Exames de ressonância magnética indicam que o amor ilumina o centro de prazer do cérebro. Quando nos apaixonamos, o fluxo sanguíneo aumenta nessa área do cérebro, a mesma implicada em comportamentos obsessivo-compulsivos.

Os níveis de dopamina, adrenalina e norepinefrina aumentam, gerando sentimentos de euforia, inquietação e excitação.

Ok, apaixonar-se é prazeroso… mas será também analgésico?

Yes!, afirma um novo estudo da Faculdade de Medicina da Universidade de Stanford. Sentimentos intensos e apaixonados podem proporcionar um alívio da dor incrivelmente eficaz, semelhante a analgésicos ou drogas ilícitas, como a cocaína, nada menos.

Os pesquisadores da Stanford já sabiam de estudos de neuroimagem humana mostrando uma associação entre os sentimentos experimentados durante os estágios iniciais de um relacionamento romântico e ativações neurais em várias regiões do sistema de recompensas do cérebro envolvendo a dopamina – um  neurotransmissor primário que influencia o humor, a recompensa e a motivação.

Por outro lado, vários estudos básicos em animais também teriam comprovado que regiões de processamento de recompensas no cérebro, como o nucleus accumbens e a área tegmentar ventral estariam criticamente envolvidas na analgesia.

Figura: O alívio da dor induzido pelo amor é associado à ativação de estruturas cerebrais primitivas que controlam experiências recompensadoras, como o nucleus accumbens – mostrado aqui em vermelho.

No estudo da Stanford a hipótese testada foi a de que a visualização de fotos de um parceiro romântico aliviaria a dor, e que isso se deveria a ativações neurais em centros de processamento de recompensas.

Quinze indivíduos nos primeiros nove meses de um relacionamento novo e romântico, foram examinados via neuroimagem (fMRI). Os participantes completaram três tarefas em períodos de dor térmica moderada e alta:

  1. vendo fotos de seu parceiro romântico,
  2. visualizando fotos de um conhecido igualmente atraente e familiar, e
  3. engajando-se numa tarefa de distração de associação de palavras comprovadamente capaz de reduzir a dor.

Resultados: As tarefas números 1) e 3) reduziram significativamente a dor, embora apenas a tarefa número 1), a da visualização das fotos do parceiro, foi associada à ativação de sistemas de recompensa.

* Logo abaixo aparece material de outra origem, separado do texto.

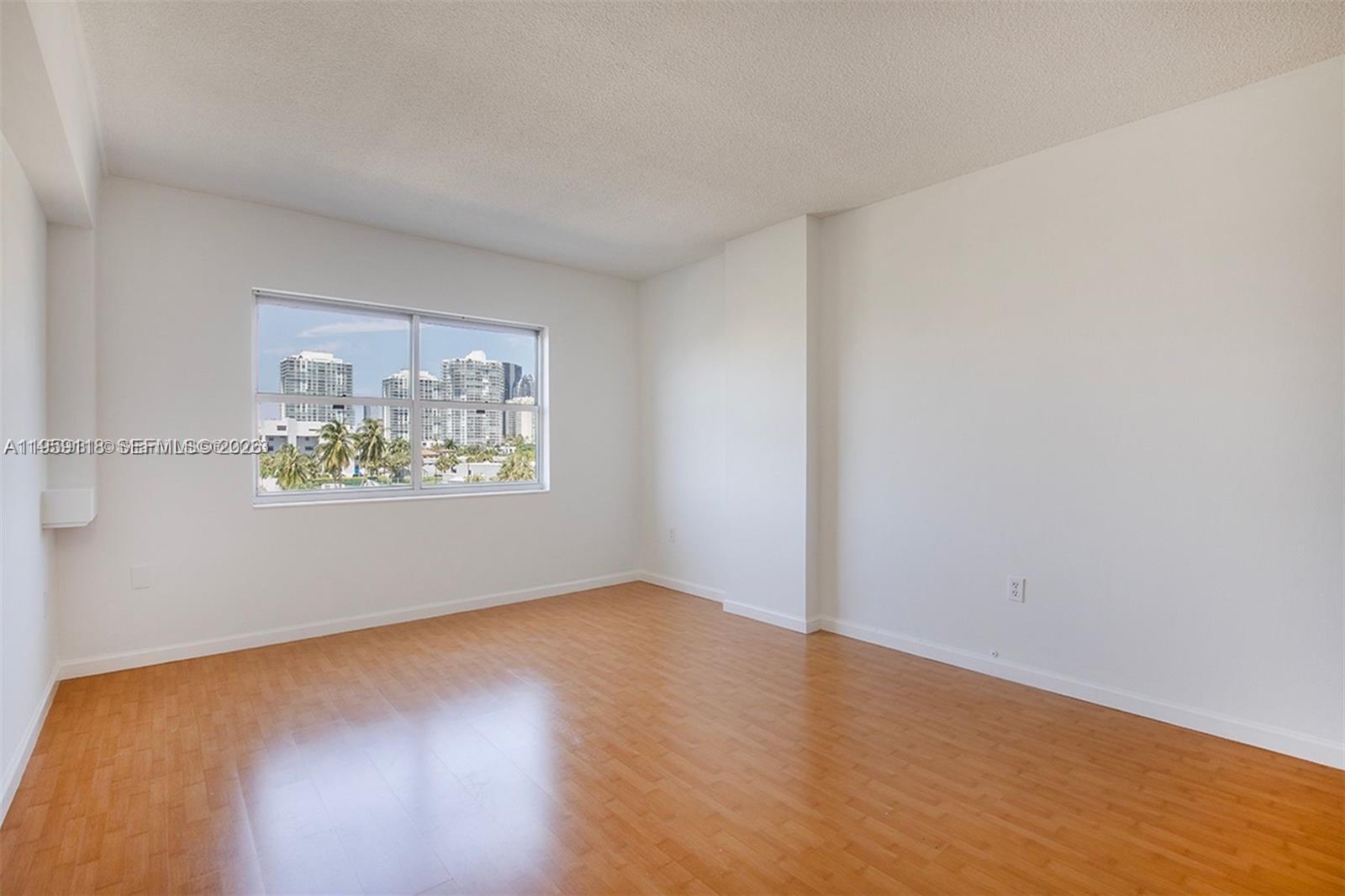 Photo of 400 Kings Point Dr  #424, Sunny Isles Beach, Florida, 33160 - Principal Bedroom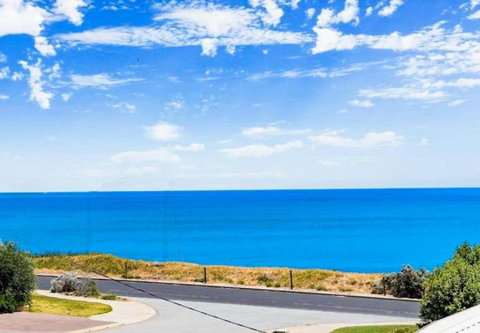 Relaxing Getaway Beachfront Access Multi Family Pets Mandurah - Accommodation in Surfers Paradise 2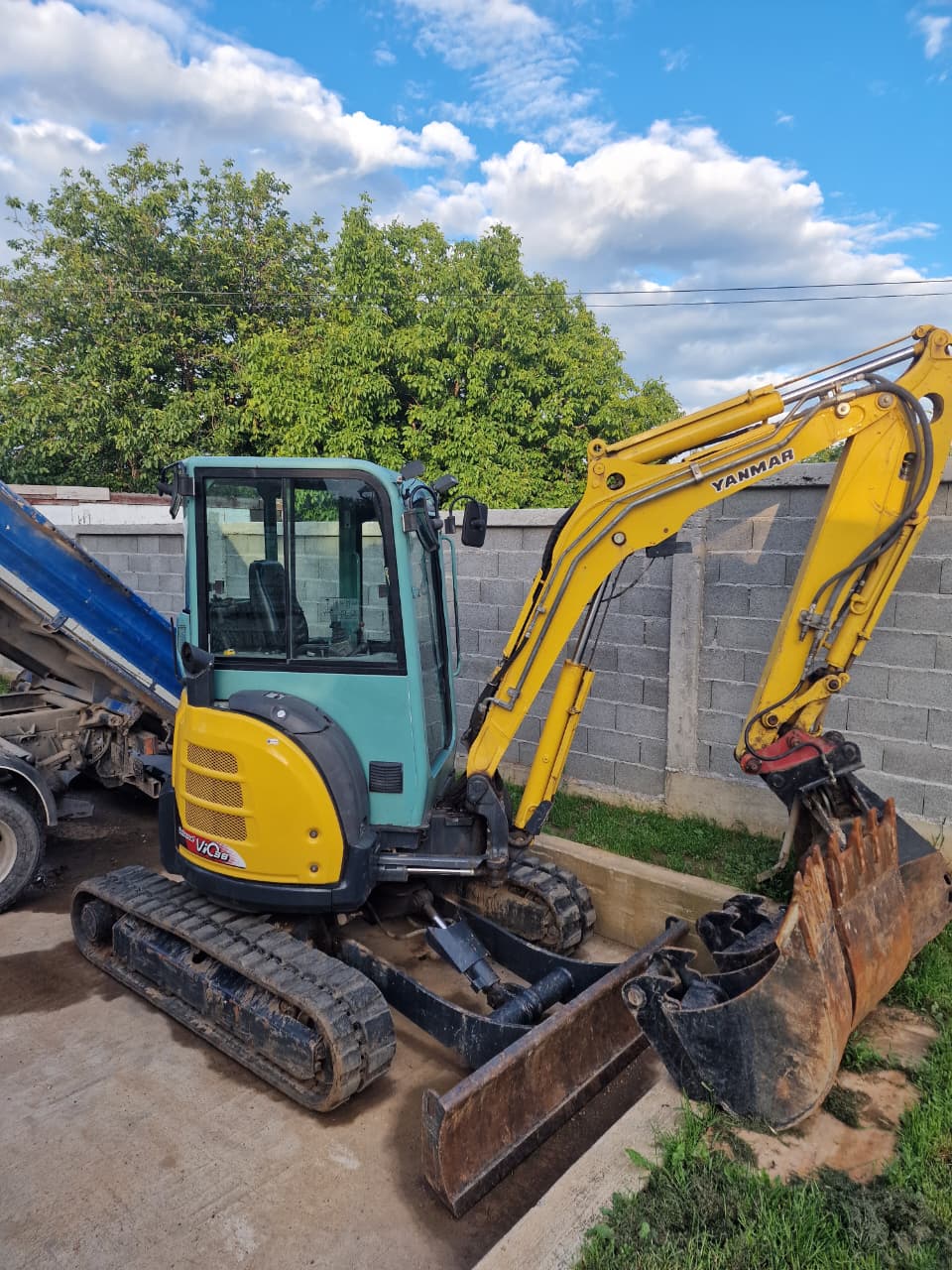 Bager utovaruje kamion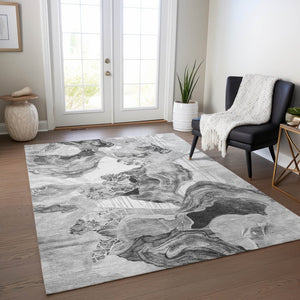 Homeroots 3' Abstract Washable Indoor Outdoor Area Rug - Stylish, Durable, And Perfect For High Traffic Spaces Gray Polyester 617884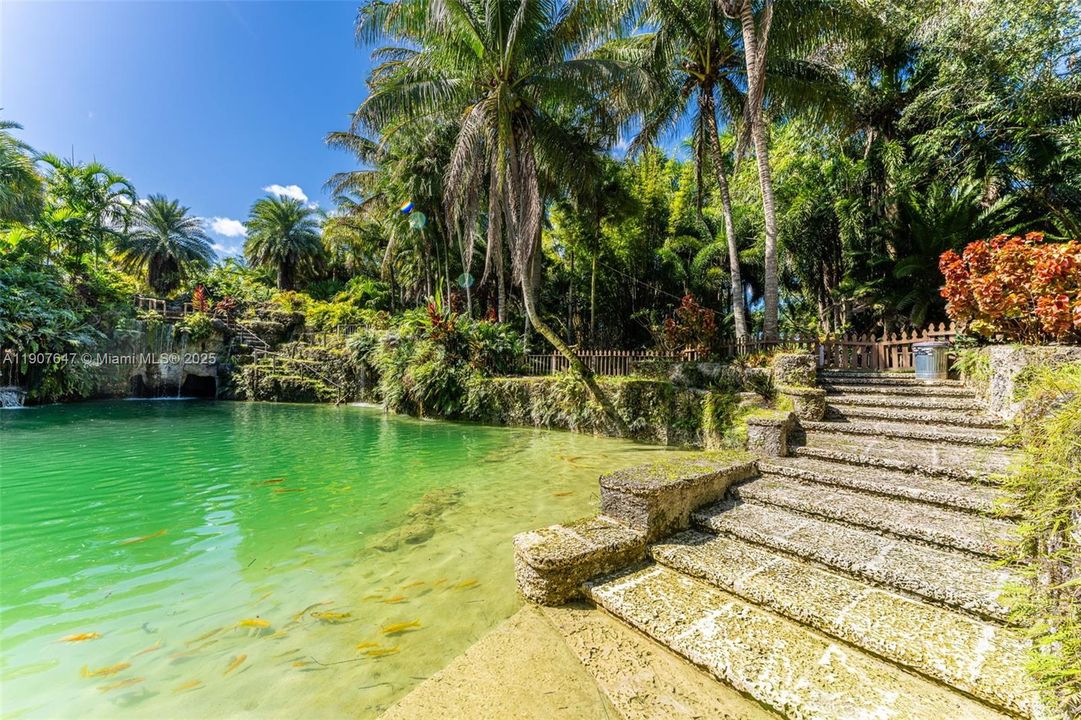 En Venta: $17,499,999 (14.30 acres)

Estreitos laços neurológicos ligariam o processamento de recompensas as regiões de processamento da dor no cérebro.

Ou seja, apaixonar-se é analgésico – ao menos nas primeiras etapas. (Nota do editor: nas últimas pode ser purgante).

Cautelas:

  • Não foi possível determinar qual estrutura ou sistema neural é crítico para a analgesia induzida pelo amor.
  • Houve muita variabilidade individual na analgesia experimentada ao se olhar as fotos da pessoa amada.
  • O conhecimento dos sistemas de recompensa no cérebro e de como eles influenciam a dor está longe de estar dominado.


De qualquer maneira, anime-se. Se você padecer de alguma dor crônica não específica e já tentou de tudo – remédios, TENS, neurofeedback, acupuntura, massagem, ioga e Tai-Chi, terreiros e shamans… – no intuito de se aliviar, apresse-se por se apaixonar. Hoje mesmo, se possível. Quem sabe, dessa vez vai.